- **Task requirements**
Copy out the data below from the line containing "Photo of the" to the line containing "16 Menner Way, Piara Waters WA 6112", both lines included, with all images left out.

- **Provided records**
---
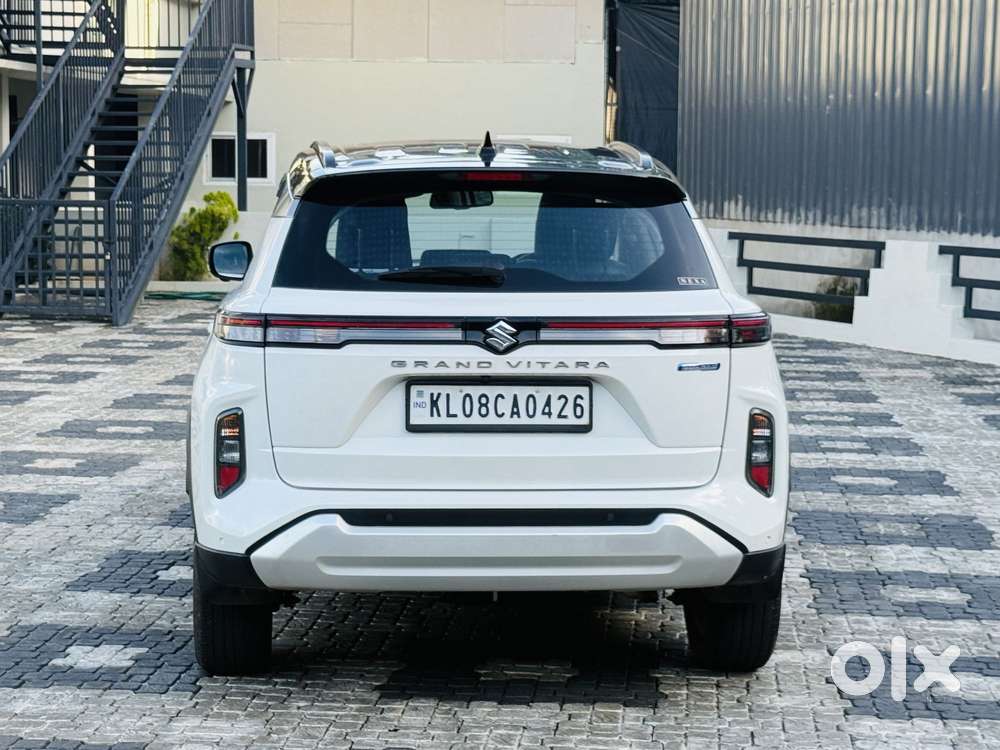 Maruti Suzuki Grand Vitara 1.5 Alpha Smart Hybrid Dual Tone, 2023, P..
---
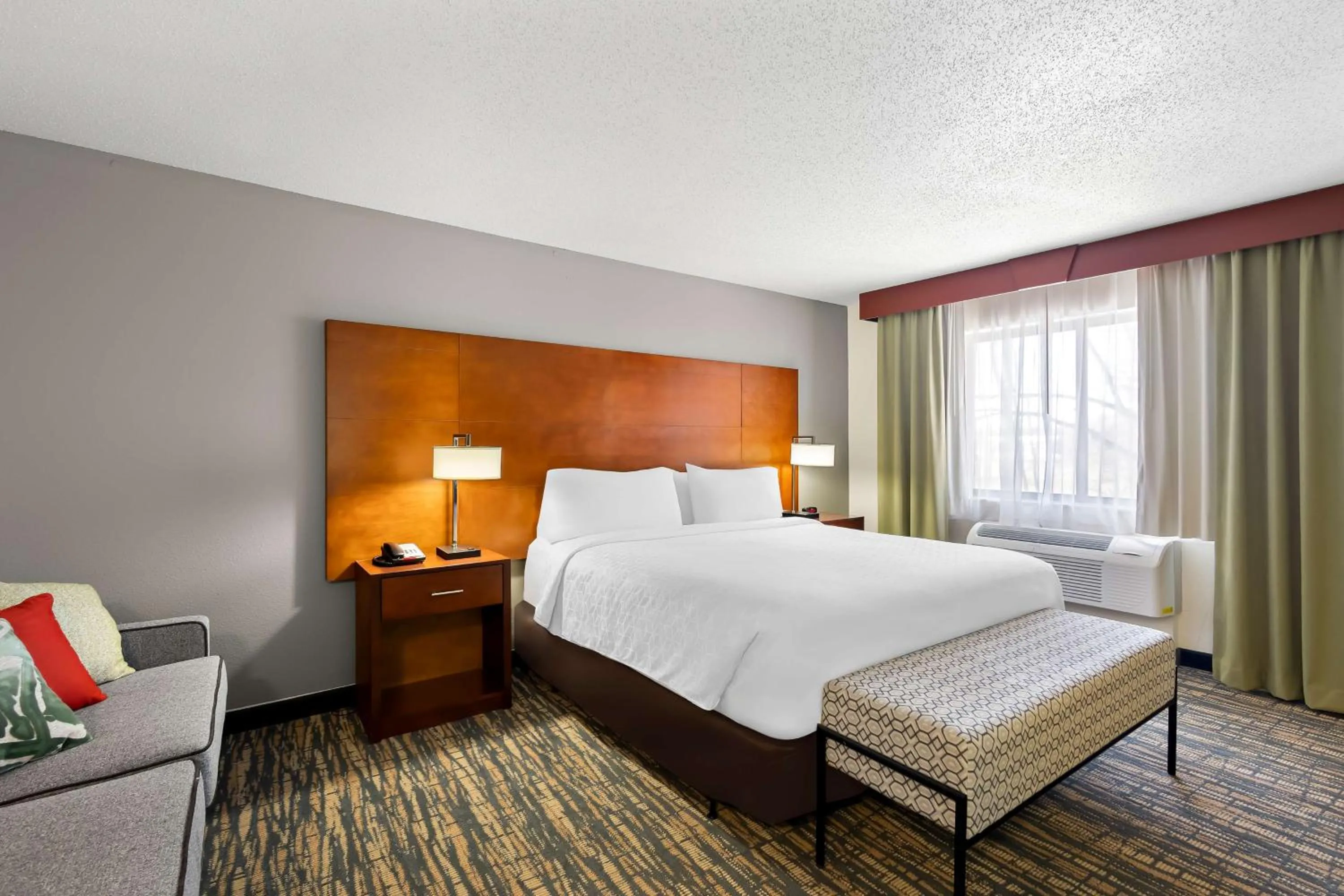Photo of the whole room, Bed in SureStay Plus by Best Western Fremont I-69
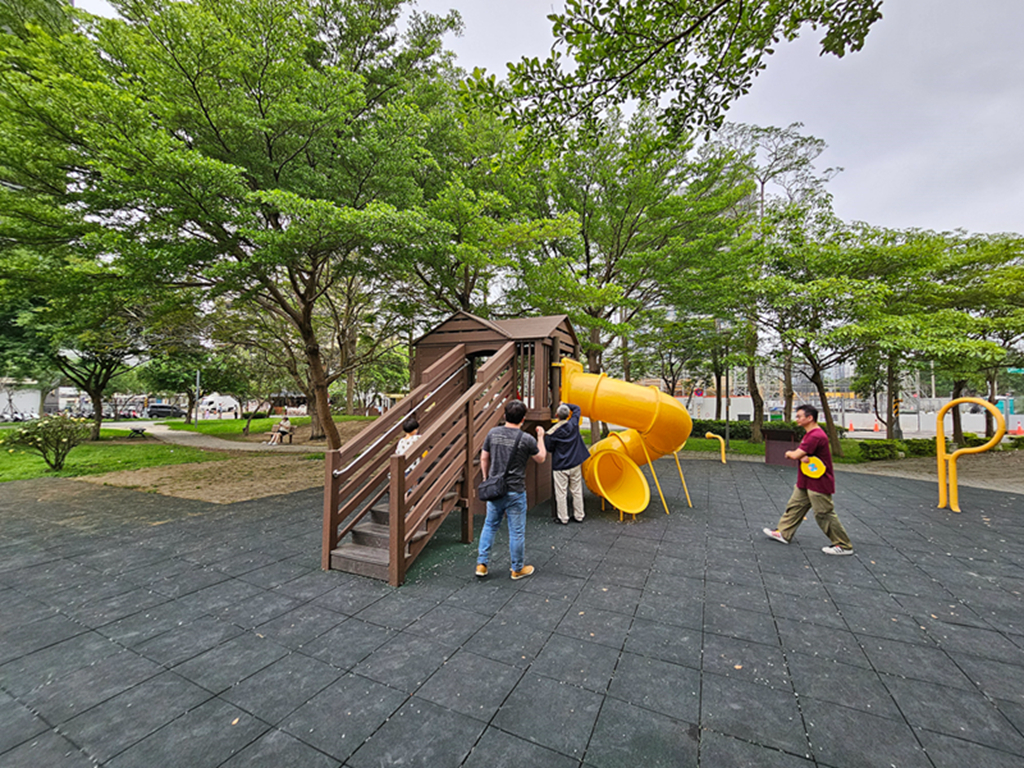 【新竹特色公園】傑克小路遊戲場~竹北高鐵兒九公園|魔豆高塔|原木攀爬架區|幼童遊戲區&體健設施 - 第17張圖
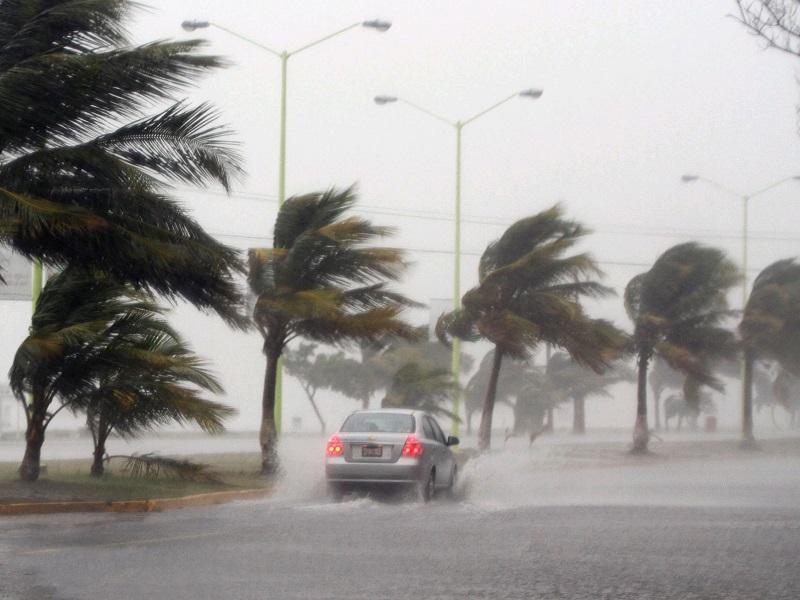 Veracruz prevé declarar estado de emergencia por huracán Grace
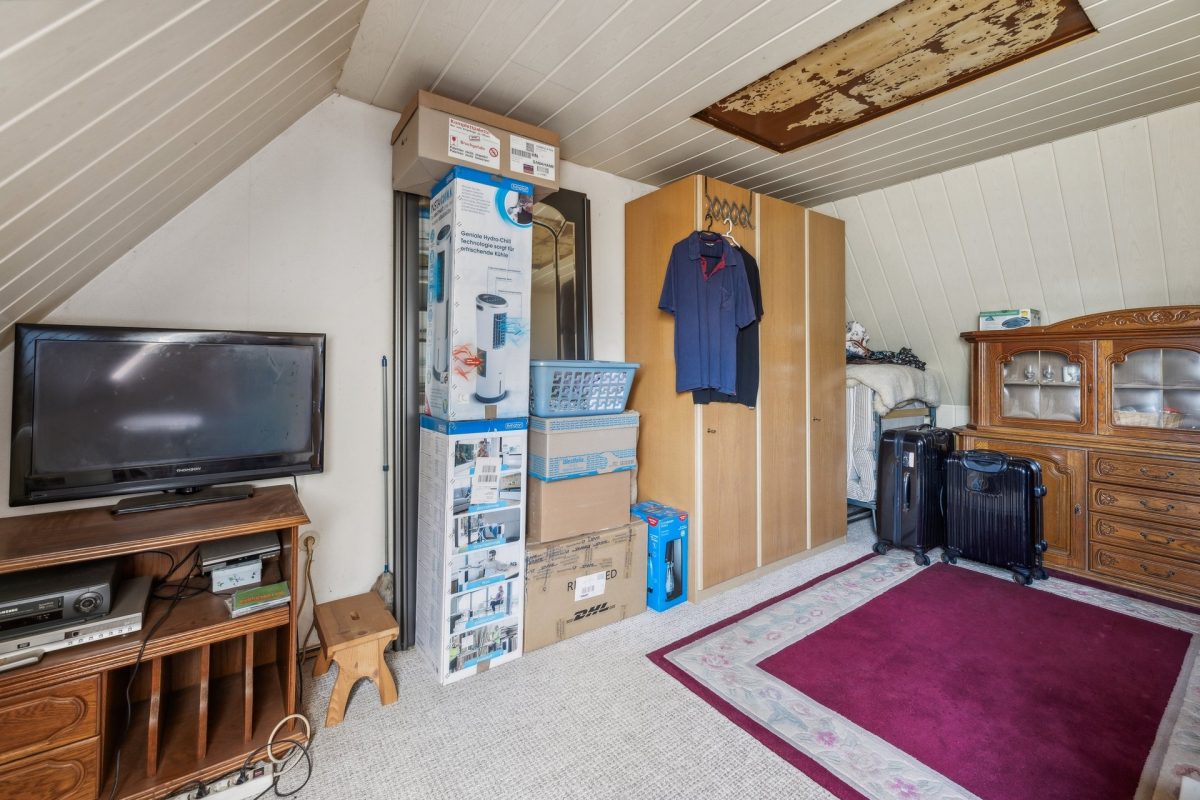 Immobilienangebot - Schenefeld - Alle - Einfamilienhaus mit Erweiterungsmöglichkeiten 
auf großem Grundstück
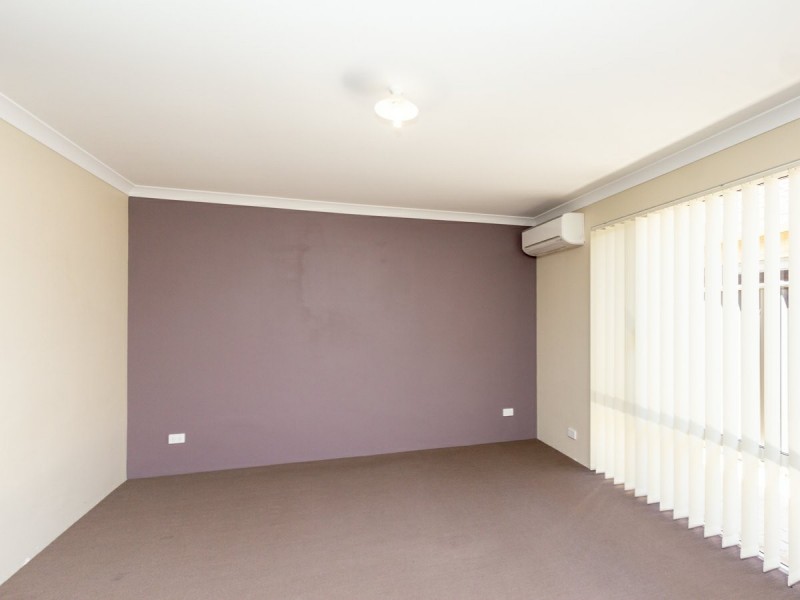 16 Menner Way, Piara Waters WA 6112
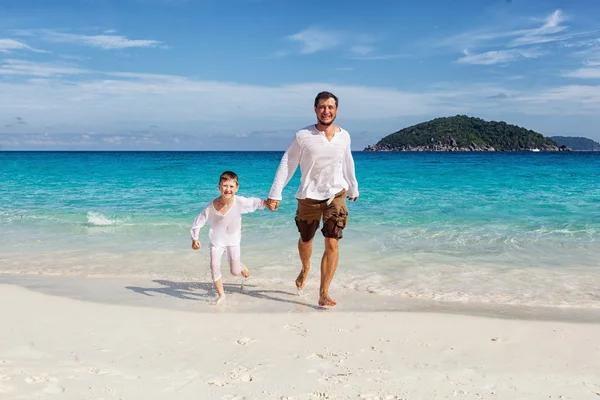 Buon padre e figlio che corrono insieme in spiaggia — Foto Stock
---
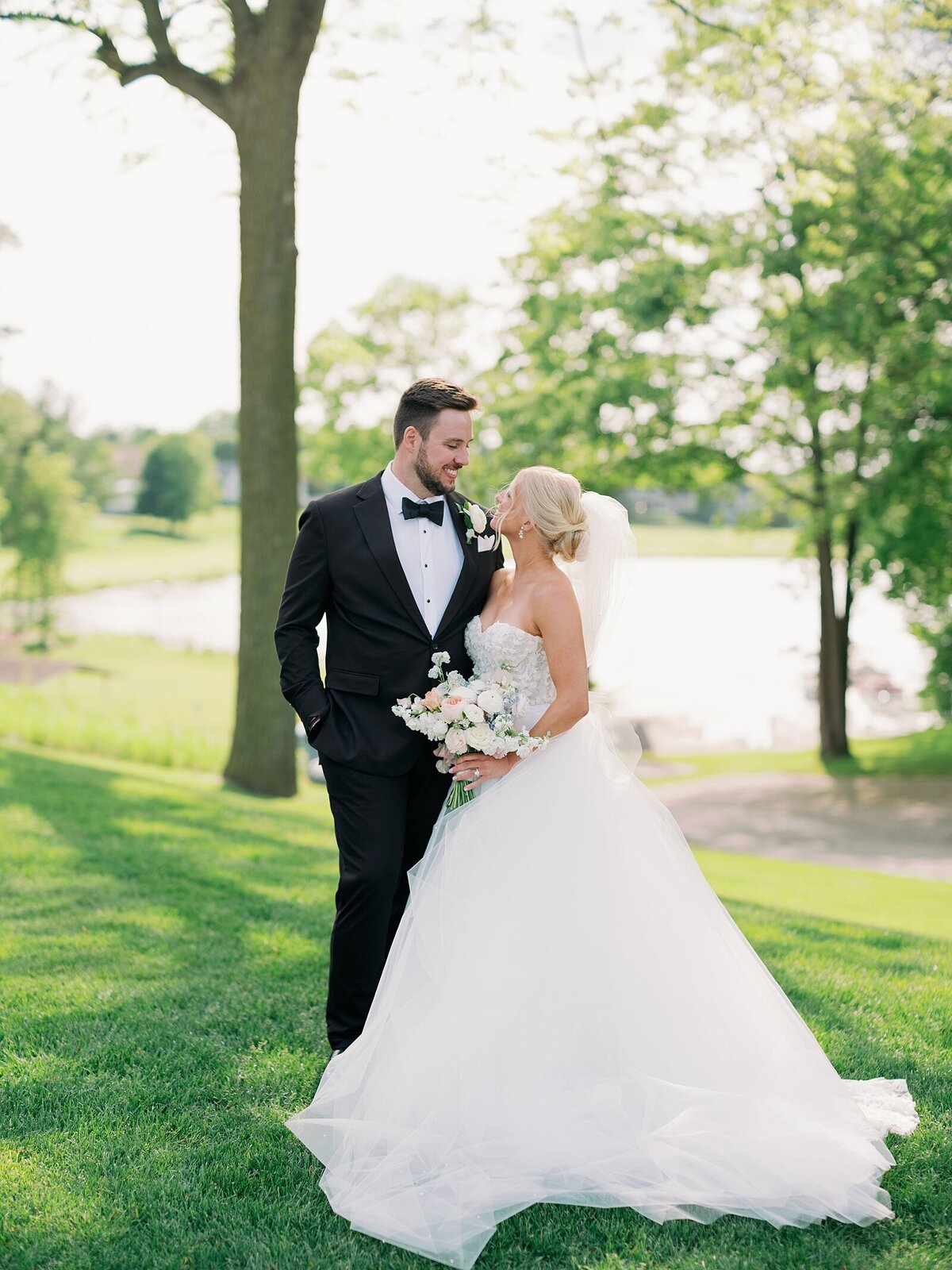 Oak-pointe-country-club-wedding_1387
---
- **Exercise output**
Photo of the whole room, Bed in SureStay Plus by Best Western Fremont I-69
 【新竹特色公園】傑克小路遊戲場~竹北高鐵兒九公園|魔豆高塔|原木攀爬架區|幼童遊戲區&體健設施 - 第17張圖
 Veracruz prevé declarar estado de emergencia por huracán Grace
 Immobilienangebot - Schenefeld - Alle - Einfamilienhaus mit Erweiterungsmöglichkeiten 
auf großem Grundstück
 16 Menner Way, Piara Waters WA 6112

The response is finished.